Othyus Jeffers couldn’t have asked for a much better start to the offseason, when the Wizards picked up his $1.06 million qualifying offer in late June to make him a restricted free agent whenever the next collective bargaining agreement was ratified. The significance of having an NBA team declare first right of refusal wasn’t lost on Jeffers, who had to scrap and claw his way up from the NBA Development League.
“My time finally came. That’s how I felt,” Jeffers, 26, said. “My mind-set wasn’t, ‘Whew, I finally made it, and just sit back and feel good.’ Nah. I wanted more. I wanted to be there as the season started as a Wizard and finish the season as an NBA player. I was pretty much tired and fed up with hearing, ‘Well, you belong there, but you have to wait your turn.’ I felt that solidified me as a player and I was ready to go to work to make sure I wouldn’t be up and down again.”

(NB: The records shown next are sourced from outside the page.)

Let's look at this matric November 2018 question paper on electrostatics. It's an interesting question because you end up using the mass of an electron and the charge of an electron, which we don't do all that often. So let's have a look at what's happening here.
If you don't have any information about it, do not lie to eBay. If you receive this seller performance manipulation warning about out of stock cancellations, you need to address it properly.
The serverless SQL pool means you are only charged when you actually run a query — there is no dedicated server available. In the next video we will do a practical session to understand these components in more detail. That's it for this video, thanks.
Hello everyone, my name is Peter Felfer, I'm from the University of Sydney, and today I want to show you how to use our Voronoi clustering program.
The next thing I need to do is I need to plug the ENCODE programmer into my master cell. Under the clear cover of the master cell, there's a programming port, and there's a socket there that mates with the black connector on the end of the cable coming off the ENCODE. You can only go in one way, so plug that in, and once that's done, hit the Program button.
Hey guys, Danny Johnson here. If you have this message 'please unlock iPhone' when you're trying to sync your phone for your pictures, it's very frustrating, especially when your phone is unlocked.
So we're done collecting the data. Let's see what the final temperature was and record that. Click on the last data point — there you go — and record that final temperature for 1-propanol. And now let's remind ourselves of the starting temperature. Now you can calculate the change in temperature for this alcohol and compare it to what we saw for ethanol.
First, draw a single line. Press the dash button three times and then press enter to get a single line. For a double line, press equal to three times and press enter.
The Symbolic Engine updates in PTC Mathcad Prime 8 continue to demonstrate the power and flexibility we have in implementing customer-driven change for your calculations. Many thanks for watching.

But only a few weeks later, Jeffers was back in a precarious position. First, NBA owners decided to lock out players, placing free agency on hold. Then, while working out in Chicago last July, Jeffers was maneuvering through cones and making cuts to the rim when he landed awkwardly and collapsed. He tore the anterior cruciate ligament in his right knee – an injury that usually requires a six-to-eight month rehabilitation.

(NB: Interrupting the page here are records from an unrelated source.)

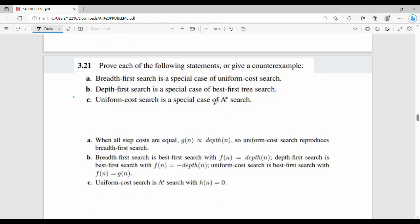Next question: prove each of the following statements or give a counter example. First, Breadth First Search is a special case of Uniform Cost Search. Second, Depth First Search is a special case of Best First Search. Third, Uniform Cost Search is a special case of A star. There are three algorithms to compare: Breadth First, Depth First, Uniform Cost, and A star.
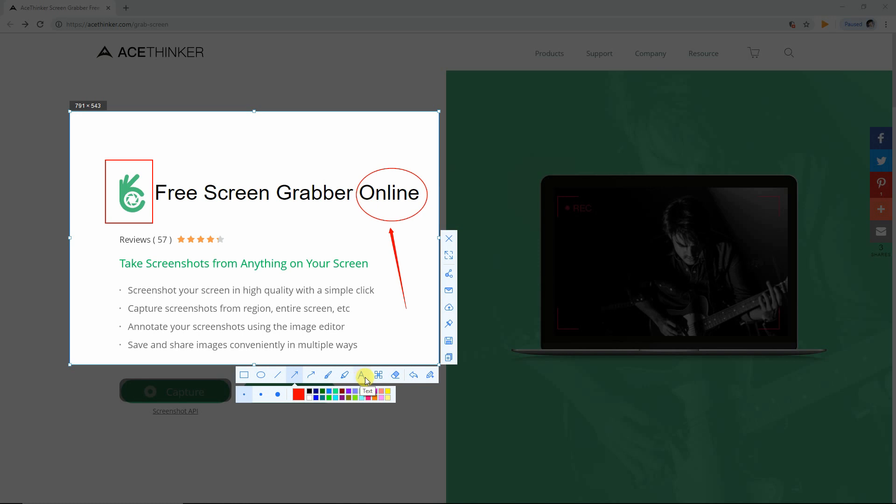Furthermore, the tool allows you to apply blur effect in case you need to hide some sensitive part in the screenshot. There is also an option for you to adjust the volume level of the blur.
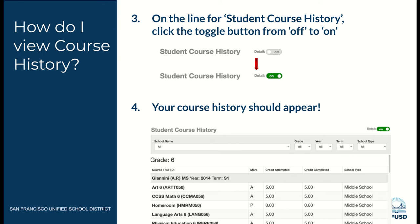When another screen opens up, on the line that says Student Course History, click the toggle button from off to on. Make sure it's green and then your course history should appear.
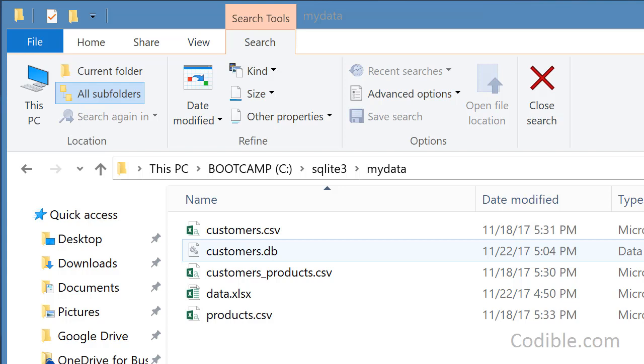Hello and welcome. In this video, we'll take a look at how to join two tables and retrieve the results of the joined tables in SQLite.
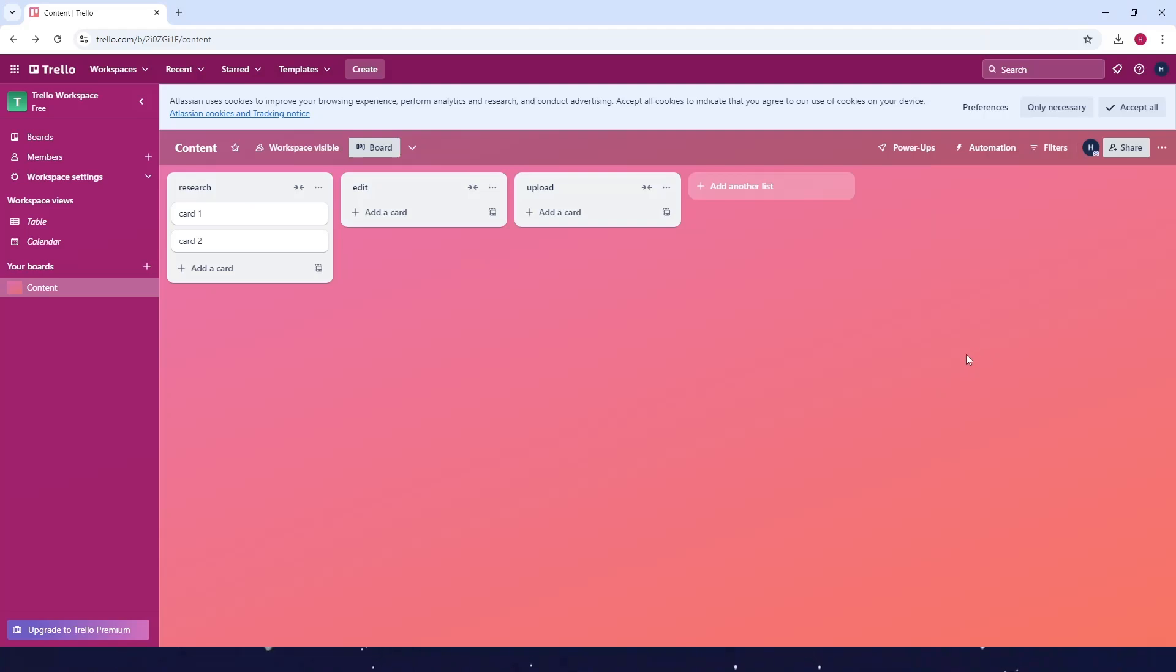How to change the background of a Trello board. First, go to your Trello dashboard.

“It was just a freak accident,” said Jeffers, who is now unsure about what the Wizards plan to do with him when the lockout ends. “Am I worried? Yes, I am worried. But at the same time, I believe in God and I think everything will work out.”

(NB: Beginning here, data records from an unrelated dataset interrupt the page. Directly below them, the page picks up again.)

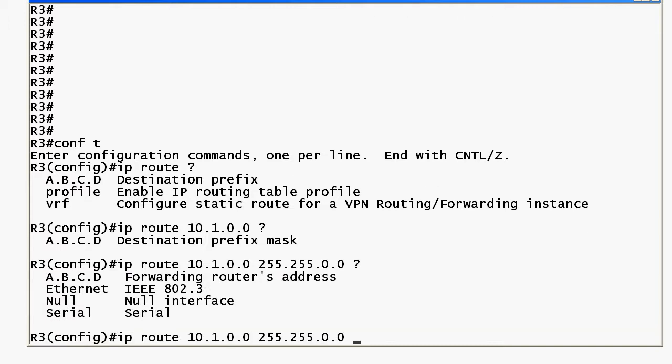Now it's going to ask for the forwarding router's address and then it lists some interfaces and that looks a little odd but the key here is that you can enter the next hop IP address or the local router's exit interface.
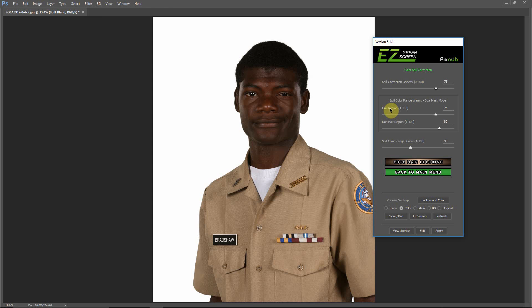Hello, everyone. This is Damon with Easy Green Screen, and in this video I'm going to show you how to save a preset in Easy Green Screen.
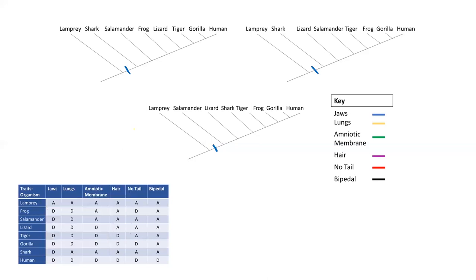Next we're going to look at lungs. Looking at our character matrix, we see everything but sharks and lampreys have lungs. So the absence of a lung is the ancestral trait — we're assuming the tree starts off with no lungs, and then lungs must have evolved at some point.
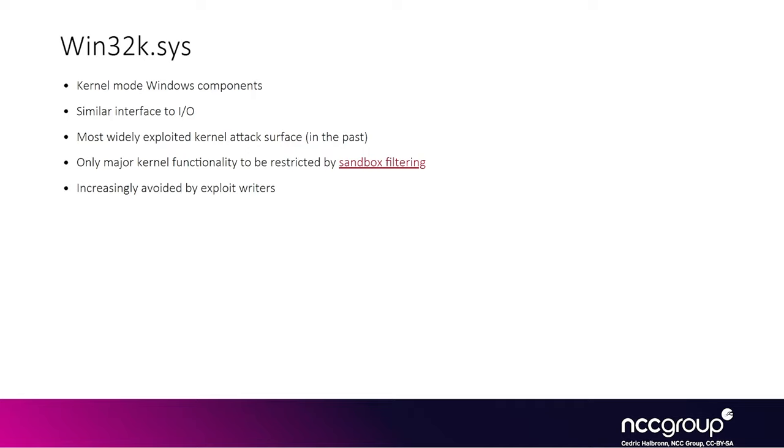With something like after you get code execution into a browser and you want to target the Windows kernel to get out of the sandbox, you won't be able to target Win32k anymore. So you will have to target other components in the kernel. And this is the main reason why attackers won't look for bugs in Win32k anymore.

The 6-foot-3 Jeffers had an arduous journey to the NBA. He had to first survive a rough neighborhood in Chicago’s West Side, where two of his older brothers were murdered and Jeffers was shot while coming to the defense of his sister in a dispute with her boyfriend. He went undrafted in 2008, played a year in Italy and then twice became an all-star in the D-League, getting shots with the Utah Jazz and San Antonio Spurs.
He brought hustle to the Wizards, taking on some tough defensive assignments, fighting for rebounds, and scoring when the opportunity presented itself.
“I tried to bring something to the table that I felt the team needed, like energy and defense. By the end of the year, my number was called and I was able to let it be known that I was able to play,” Jeffers said. “I wasn’t just playing for me. I was playing for my family, my friends, for my city, for everyone I knew. Everyone always talks about the NBA, but most of them didn’t put in the work to actually pull it off. I’m not the best person to come out of Chicago, but I’m one of the hardest workers and my hard work paid off.”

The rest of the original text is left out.